Though born into slavery in 1818, by 1860 Frederick Douglass had become a celebrated orator, editor, and abolitionist. He ensured his fame in 1845 with publication of the Narrative of the Life of Frederick Douglass. In it, he described his experiences of slavery in Maryland, his defiance against his masters, and his eventual escape to New York in September 1838 with the help of Anna Murray, a free black servant.

Frederick and Anna married in New York and then moved to New Bedford, Massachusetts, and changed their last name to Douglass to avoid capture. But in 1841 Frederick began lecturing for the American Anti-Slavery Society, offering stirring accounts of his enslavement and escape. By publishing his Narrative four years later, Douglass made his capture even more likely, so in August 1845 he left for England, where wildly enthusiastic audiences attended his lectures and supporters raised funds to purchase his freedom. Douglass returned to Massachusetts in 1847, a truly free man.
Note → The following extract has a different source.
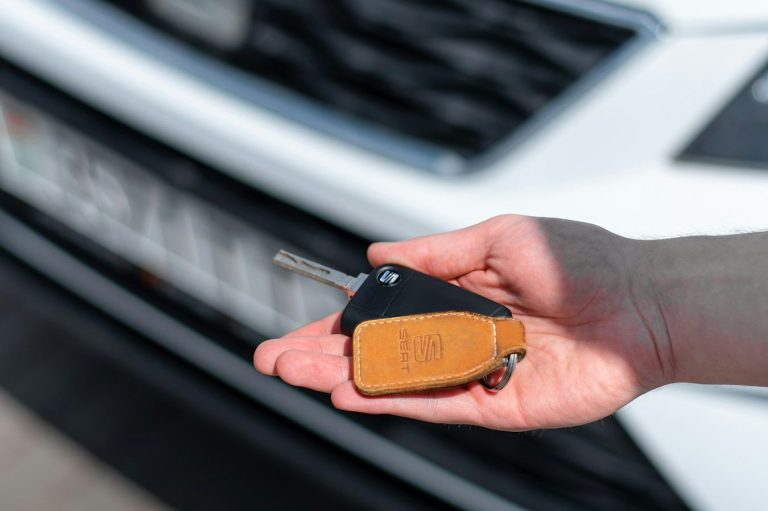 Hand hält einen Autoschlüssel vor einem weißen Fahrzeug.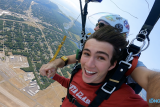 young man attached to skydiving instructor skydiving over long island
A year later, Frederick moved to Rochester, New York, with Anna and their five children to launch his abolitionist paper, the North Star. Over the next decade, he became the most famous black abolitionist in the United States and an outspoken advocate of women’s rights. He also broke with the Garrisonian branch of abolitionists by joining the Liberty Party and later the Free-Soil and Republican parties. He was thus well placed when war erupted in April 1861 to lobby President Lincoln to make emancipation a war aim and enlist African Americans in the Union army.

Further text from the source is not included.